お若い頃から甘いものがお好きで、とりわけ和菓子が好物でした。昔のことですが、逓信大臣の三土忠造夫人を私邸に訪問しましたとき、応接室で三土夫人をお待ちする間に和菓子と果物が出されました。

「よろしかったら、このお菓子をどうぞ」と云ひますと、薫夫人はニッコリされて、「では私の果物もどうぞ」とご自分の前の果物皿を私の方へよこされました。そこで薫夫人はお菓子を二人分、私は果物を二人分、いそいで戴きました。そして互に皿を元に戻しました。急におかしくなって、笑ひを押えるのに困ったことでした。
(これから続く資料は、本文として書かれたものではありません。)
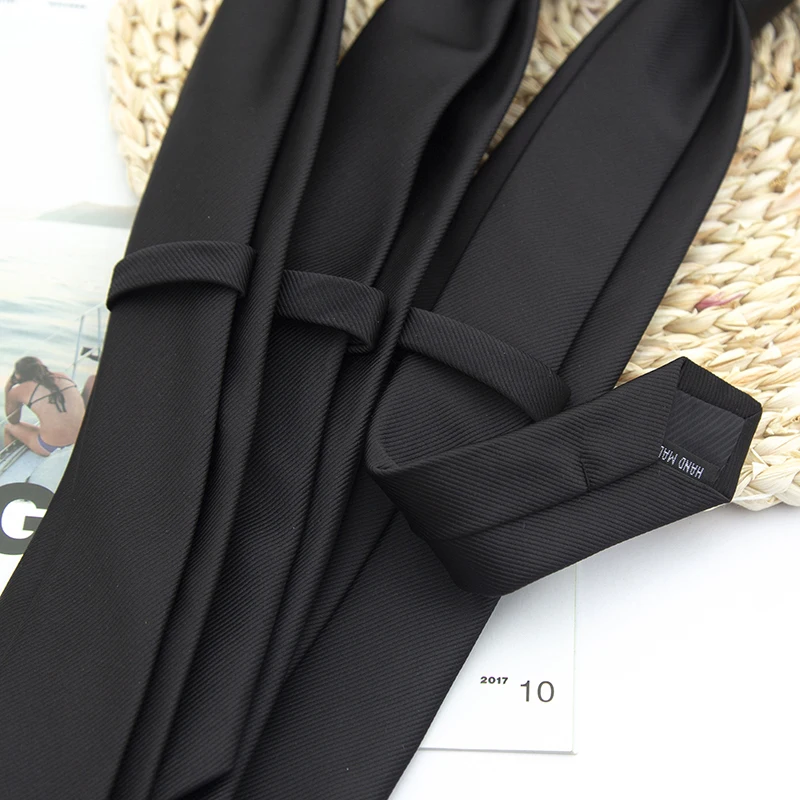 6cm, 7cm, 8cm Luxuriöse Schwarze Krawatten für Herren Einfarbige Jacquard-Krawatte Täglicher Gebrauch Business-Krawatte Bräutigam Hochzeit Party Accessoires – Detail 2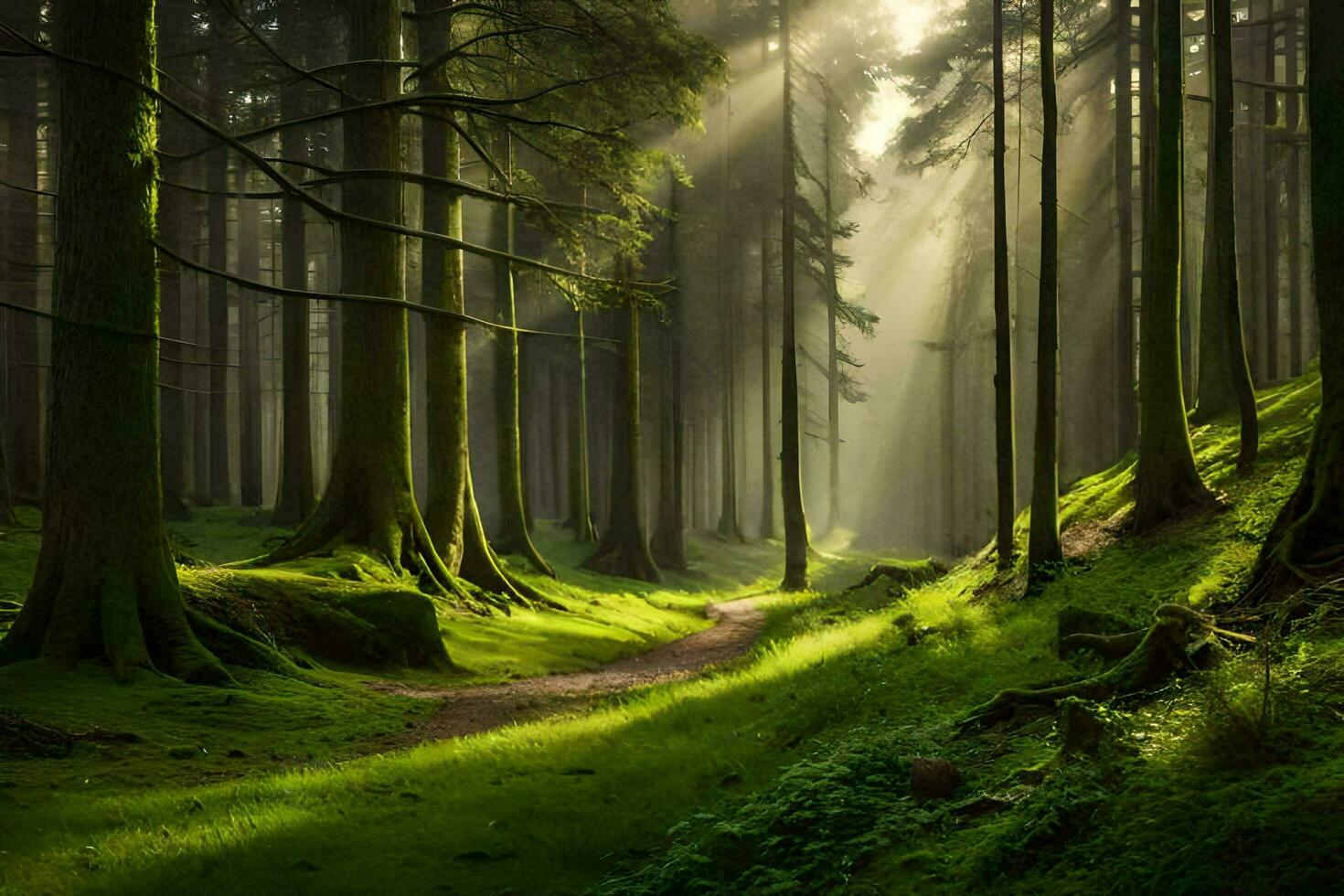 a path through a forest with sunlight shining through the trees. AI-Generated photo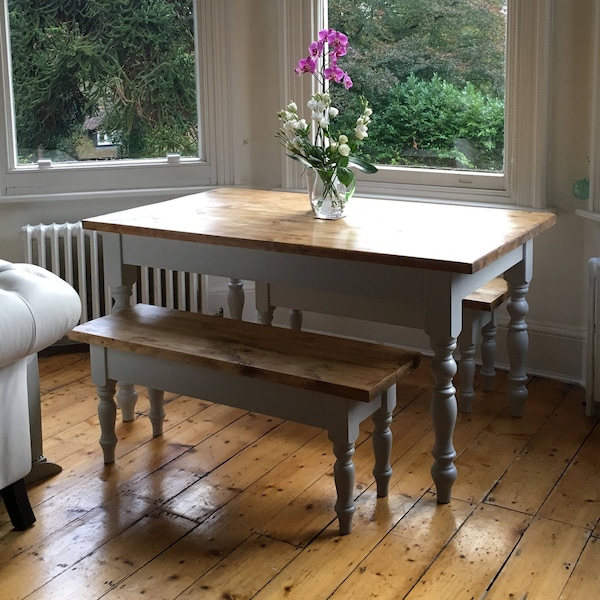 Custom Size Farmhouse Dining Table - Kitchen Table - Handmade Country Cottage Table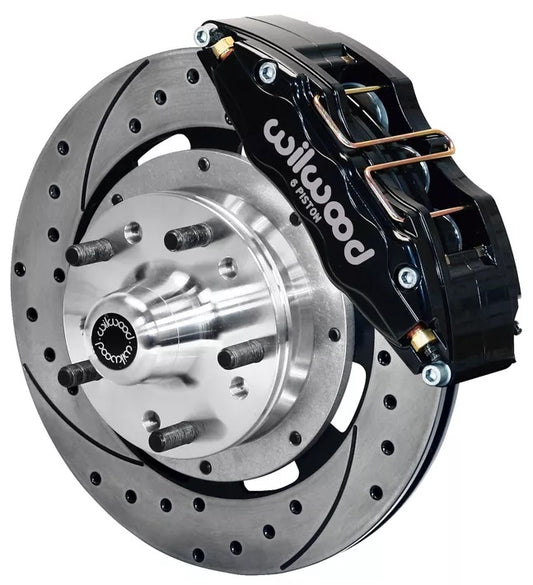 55-57 CHEVY FRONT DISC BRAKE KIT,FOR 2" DROP SPINDLES,DP6,12" DRILLED,BLACK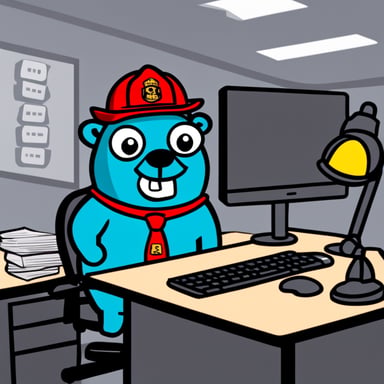 Go Blue Gopher, dressed in firemen apparel, is in an office, in front of his computer.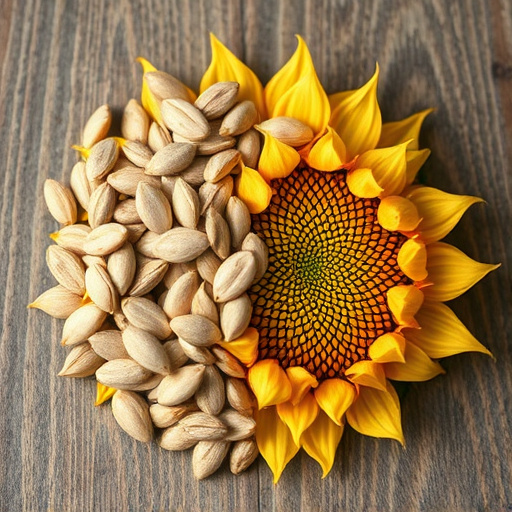 Detailed view of hulled sunflower hearts
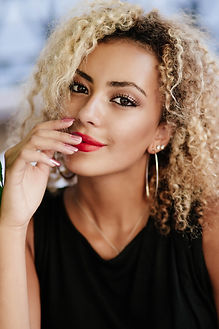 Young Woman with Curly Hair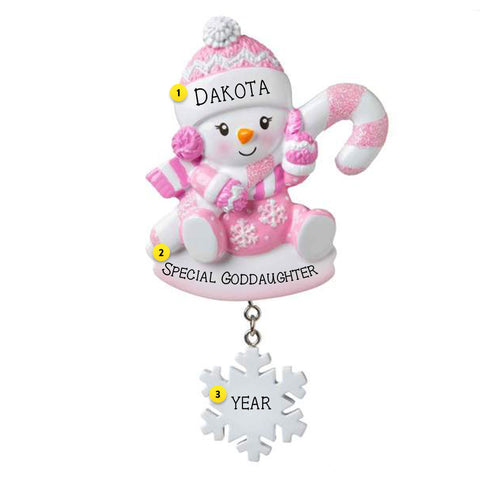Snowbaby Pink with Candy Cane Personalized Christmas Ornament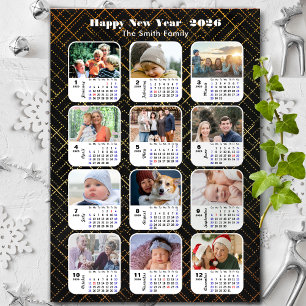 2025 Kalender Familie 12 Foto Collage Modern Zwart Feestdagenkaart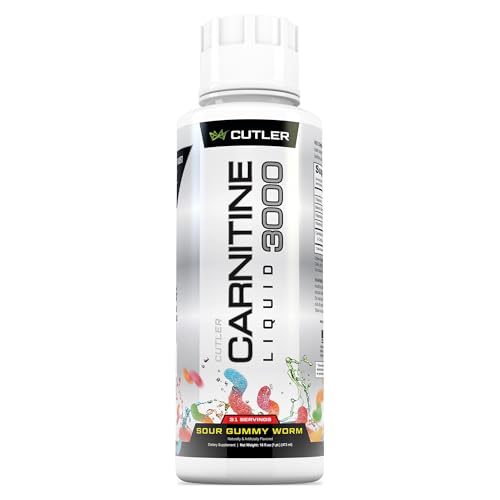 Bottle of liquid L-carnitine 3-in-1 for energy and recovery, sour gummy worm flavor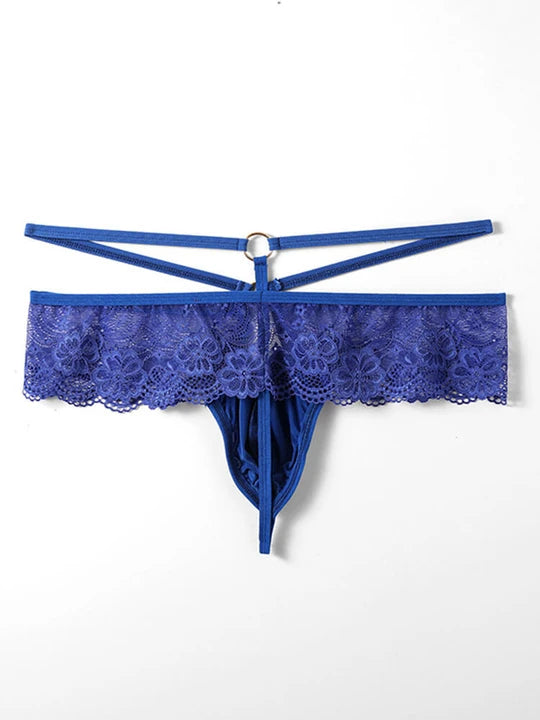 Men's Floral Lace Thong - Nylon & Spandex Stretch - GZK001 - YDressup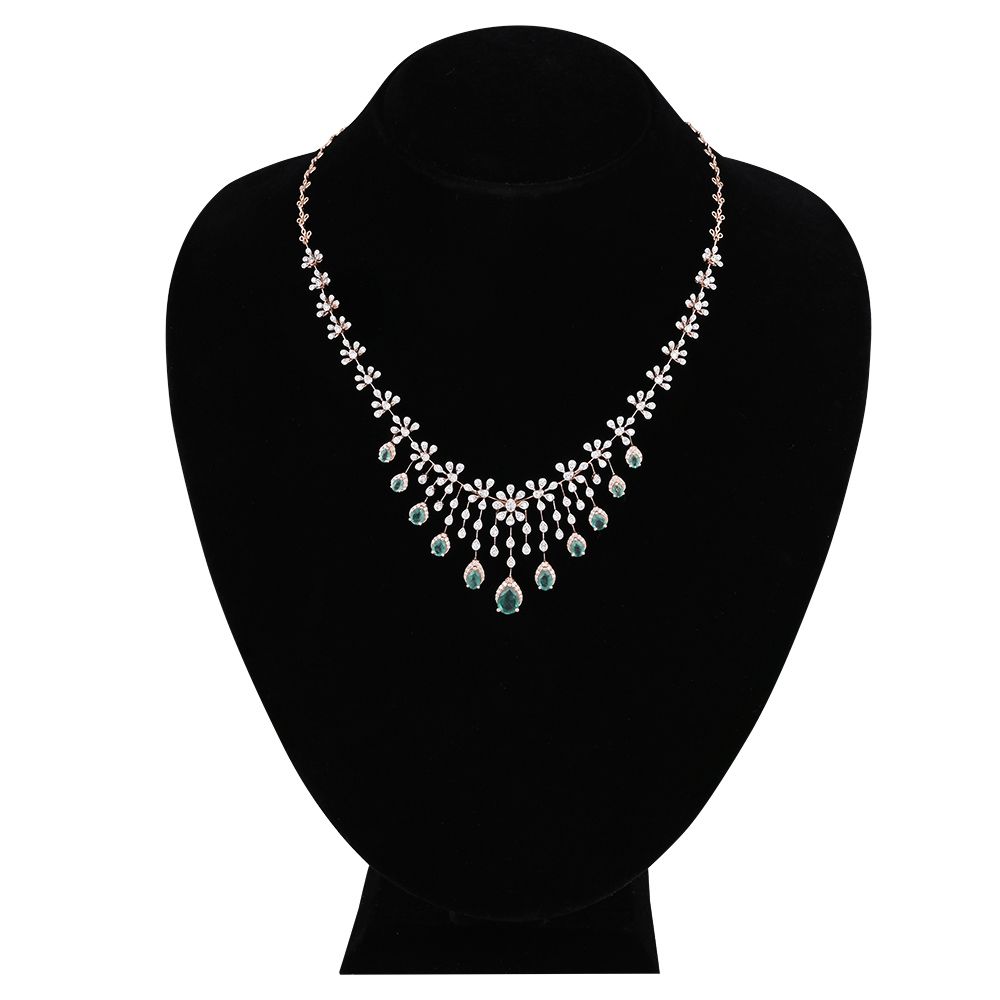 Elegant Floral Emerald and Diamond Necklace Set-All Jewellery-ONS25A43-D445X0B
その頃、清和会の役員会は首相官邸の犬養夫人のお室でした。虎屋の和菓子の大きいのを薫夫人は、三人分ぐらいは平気で召し上がりました。

昭和七年頃でしたか、祝辞をのべられました。マイクのない時代、会場が広いせいか、中ほどの席に居た私の身にはさっぱり聞こえないのです。

「文相夫人としてこれからも、今日のような御挨拶をなさることが度々あると思います。もっと声のだしかたを練習なさるためにも、謡をおはじめになっては」と、その帰途私は薫夫人に申しました。